REQUIREMENT: Copy, exactly and without additions, every line in the records below from the one holding "Aquatic Experts Aquarium" through the one holding "面痣女|面相痣图解大全，你了解自己的痣吗？", both ends included.
*** THE RECORDS ***
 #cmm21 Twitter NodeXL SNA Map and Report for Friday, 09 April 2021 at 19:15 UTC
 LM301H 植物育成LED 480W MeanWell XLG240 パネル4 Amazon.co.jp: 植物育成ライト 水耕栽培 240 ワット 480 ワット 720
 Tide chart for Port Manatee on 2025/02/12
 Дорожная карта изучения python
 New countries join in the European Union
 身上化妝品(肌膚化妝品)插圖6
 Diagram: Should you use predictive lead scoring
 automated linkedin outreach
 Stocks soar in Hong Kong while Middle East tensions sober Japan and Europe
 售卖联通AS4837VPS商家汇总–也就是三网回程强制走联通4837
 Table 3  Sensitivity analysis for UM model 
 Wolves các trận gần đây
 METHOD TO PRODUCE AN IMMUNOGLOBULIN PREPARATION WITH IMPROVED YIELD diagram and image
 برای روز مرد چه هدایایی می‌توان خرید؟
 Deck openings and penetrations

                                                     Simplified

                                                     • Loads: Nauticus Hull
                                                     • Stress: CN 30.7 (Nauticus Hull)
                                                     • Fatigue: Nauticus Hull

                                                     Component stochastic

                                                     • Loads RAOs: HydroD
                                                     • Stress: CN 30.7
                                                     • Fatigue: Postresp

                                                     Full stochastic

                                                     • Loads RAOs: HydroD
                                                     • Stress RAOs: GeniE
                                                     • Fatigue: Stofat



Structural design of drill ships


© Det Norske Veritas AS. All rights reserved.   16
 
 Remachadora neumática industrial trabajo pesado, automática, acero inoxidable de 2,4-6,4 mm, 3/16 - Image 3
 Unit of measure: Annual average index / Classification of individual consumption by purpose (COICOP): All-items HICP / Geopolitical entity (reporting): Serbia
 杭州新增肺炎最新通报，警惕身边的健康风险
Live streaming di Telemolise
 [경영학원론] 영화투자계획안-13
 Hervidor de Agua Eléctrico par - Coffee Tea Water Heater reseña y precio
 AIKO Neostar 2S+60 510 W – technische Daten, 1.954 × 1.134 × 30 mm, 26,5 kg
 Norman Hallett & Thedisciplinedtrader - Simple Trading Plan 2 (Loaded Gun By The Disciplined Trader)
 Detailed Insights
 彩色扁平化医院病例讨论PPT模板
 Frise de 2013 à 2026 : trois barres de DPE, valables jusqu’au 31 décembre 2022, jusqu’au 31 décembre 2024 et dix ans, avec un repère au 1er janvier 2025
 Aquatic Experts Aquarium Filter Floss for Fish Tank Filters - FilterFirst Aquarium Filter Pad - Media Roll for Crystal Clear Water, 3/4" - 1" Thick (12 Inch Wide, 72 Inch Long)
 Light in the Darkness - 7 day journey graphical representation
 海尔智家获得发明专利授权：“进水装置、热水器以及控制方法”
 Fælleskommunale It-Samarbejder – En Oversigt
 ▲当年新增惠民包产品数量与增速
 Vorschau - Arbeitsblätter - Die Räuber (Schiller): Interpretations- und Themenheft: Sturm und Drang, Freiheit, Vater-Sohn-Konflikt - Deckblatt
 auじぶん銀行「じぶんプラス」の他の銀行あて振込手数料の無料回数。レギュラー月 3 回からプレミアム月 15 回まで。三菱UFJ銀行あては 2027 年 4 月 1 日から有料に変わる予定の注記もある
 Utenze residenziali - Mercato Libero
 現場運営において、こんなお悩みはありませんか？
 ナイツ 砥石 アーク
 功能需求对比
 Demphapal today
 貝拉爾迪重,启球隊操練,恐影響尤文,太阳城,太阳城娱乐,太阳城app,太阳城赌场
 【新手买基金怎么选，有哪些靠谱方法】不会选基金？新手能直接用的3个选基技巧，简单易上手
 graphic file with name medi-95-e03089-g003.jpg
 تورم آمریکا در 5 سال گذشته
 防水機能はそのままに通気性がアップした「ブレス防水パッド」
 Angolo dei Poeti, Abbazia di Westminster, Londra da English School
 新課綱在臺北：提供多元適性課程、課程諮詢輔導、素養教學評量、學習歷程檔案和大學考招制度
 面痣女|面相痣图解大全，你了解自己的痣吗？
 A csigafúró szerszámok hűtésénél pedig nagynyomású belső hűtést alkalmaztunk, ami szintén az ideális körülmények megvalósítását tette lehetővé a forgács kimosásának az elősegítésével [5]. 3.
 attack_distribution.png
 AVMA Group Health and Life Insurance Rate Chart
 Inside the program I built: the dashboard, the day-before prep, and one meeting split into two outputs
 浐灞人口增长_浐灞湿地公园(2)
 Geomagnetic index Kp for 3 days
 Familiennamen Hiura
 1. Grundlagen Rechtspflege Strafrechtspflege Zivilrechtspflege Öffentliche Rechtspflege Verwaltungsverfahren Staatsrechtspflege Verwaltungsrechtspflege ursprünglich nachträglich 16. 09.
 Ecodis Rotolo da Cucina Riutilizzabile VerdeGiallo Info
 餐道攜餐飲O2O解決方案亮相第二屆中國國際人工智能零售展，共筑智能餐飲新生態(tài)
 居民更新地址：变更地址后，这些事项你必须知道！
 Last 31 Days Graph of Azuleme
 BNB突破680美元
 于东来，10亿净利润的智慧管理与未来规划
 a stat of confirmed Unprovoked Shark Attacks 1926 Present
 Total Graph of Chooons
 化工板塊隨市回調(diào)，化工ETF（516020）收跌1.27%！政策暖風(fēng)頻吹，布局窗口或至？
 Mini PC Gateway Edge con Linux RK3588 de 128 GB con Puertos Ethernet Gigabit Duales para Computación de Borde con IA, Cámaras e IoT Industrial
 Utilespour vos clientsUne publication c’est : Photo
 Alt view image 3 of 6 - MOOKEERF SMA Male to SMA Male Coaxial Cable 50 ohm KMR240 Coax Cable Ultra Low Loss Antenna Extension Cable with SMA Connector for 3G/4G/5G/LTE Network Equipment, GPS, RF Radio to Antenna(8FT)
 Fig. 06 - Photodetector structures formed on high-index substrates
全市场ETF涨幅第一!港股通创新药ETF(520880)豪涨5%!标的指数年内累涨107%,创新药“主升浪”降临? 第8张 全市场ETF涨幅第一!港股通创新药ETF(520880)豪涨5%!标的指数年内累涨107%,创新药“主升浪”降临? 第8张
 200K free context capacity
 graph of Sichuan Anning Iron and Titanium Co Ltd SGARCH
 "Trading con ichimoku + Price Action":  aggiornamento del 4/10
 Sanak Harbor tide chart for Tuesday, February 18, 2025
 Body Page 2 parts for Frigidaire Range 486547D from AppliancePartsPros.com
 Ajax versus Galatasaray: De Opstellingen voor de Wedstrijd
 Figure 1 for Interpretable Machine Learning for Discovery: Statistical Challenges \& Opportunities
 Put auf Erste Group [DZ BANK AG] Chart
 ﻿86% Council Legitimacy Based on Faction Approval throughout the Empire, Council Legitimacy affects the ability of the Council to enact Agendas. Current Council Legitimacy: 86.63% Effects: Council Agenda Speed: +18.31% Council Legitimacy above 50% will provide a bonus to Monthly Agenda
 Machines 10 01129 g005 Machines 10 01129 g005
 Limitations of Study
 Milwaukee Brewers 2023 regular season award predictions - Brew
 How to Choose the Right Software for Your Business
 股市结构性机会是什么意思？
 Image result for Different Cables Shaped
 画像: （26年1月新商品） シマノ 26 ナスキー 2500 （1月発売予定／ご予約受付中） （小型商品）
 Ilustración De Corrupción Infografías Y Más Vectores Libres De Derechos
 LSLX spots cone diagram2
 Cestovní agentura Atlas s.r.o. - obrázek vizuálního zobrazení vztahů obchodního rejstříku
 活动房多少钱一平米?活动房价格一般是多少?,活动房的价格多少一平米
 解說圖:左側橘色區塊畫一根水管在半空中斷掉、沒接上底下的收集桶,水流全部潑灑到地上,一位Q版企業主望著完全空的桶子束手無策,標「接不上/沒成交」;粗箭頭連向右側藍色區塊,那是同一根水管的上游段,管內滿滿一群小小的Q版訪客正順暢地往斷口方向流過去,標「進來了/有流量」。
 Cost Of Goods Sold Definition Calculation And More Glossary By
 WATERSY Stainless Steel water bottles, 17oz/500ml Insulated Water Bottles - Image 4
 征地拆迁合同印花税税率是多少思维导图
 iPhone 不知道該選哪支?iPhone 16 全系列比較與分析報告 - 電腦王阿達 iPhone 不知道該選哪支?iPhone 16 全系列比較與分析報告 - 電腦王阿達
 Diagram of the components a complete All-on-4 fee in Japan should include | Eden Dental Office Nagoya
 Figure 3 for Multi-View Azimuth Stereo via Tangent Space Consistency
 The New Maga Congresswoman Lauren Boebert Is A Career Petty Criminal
*** End of THE RECORDS ***
EXERCISE ANSWER:
 Aquatic Experts Aquarium Filter Floss for Fish Tank Filters - FilterFirst Aquarium Filter Pad - Media Roll for Crystal Clear Water, 3/4" - 1" Thick (12 Inch Wide, 72 Inch Long)
 Light in the Darkness - 7 day journey graphical representation
 海尔智家获得发明专利授权：“进水装置、热水器以及控制方法”
 Fælleskommunale It-Samarbejder – En Oversigt
 ▲当年新增惠民包产品数量与增速
 Vorschau - Arbeitsblätter - Die Räuber (Schiller): Interpretations- und Themenheft: Sturm und Drang, Freiheit, Vater-Sohn-Konflikt - Deckblatt
 auじぶん銀行「じぶんプラス」の他の銀行あて振込手数料の無料回数。レギュラー月 3 回からプレミアム月 15 回まで。三菱UFJ銀行あては 2027 年 4 月 1 日から有料に変わる予定の注記もある
 Utenze residenziali - Mercato Libero
 現場運営において、こんなお悩みはありませんか？
 ナイツ 砥石 アーク
 功能需求对比
 Demphapal today
 貝拉爾迪重,启球隊操練,恐影響尤文,太阳城,太阳城娱乐,太阳城app,太阳城赌场
 【新手买基金怎么选，有哪些靠谱方法】不会选基金？新手能直接用的3个选基技巧，简单易上手
 graphic file with name medi-95-e03089-g003.jpg
 تورم آمریکا در 5 سال گذشته
 防水機能はそのままに通気性がアップした「ブレス防水パッド」
 Angolo dei Poeti, Abbazia di Westminster, Londra da English School
 新課綱在臺北：提供多元適性課程、課程諮詢輔導、素養教學評量、學習歷程檔案和大學考招制度
 面痣女|面相痣图解大全，你了解自己的痣吗？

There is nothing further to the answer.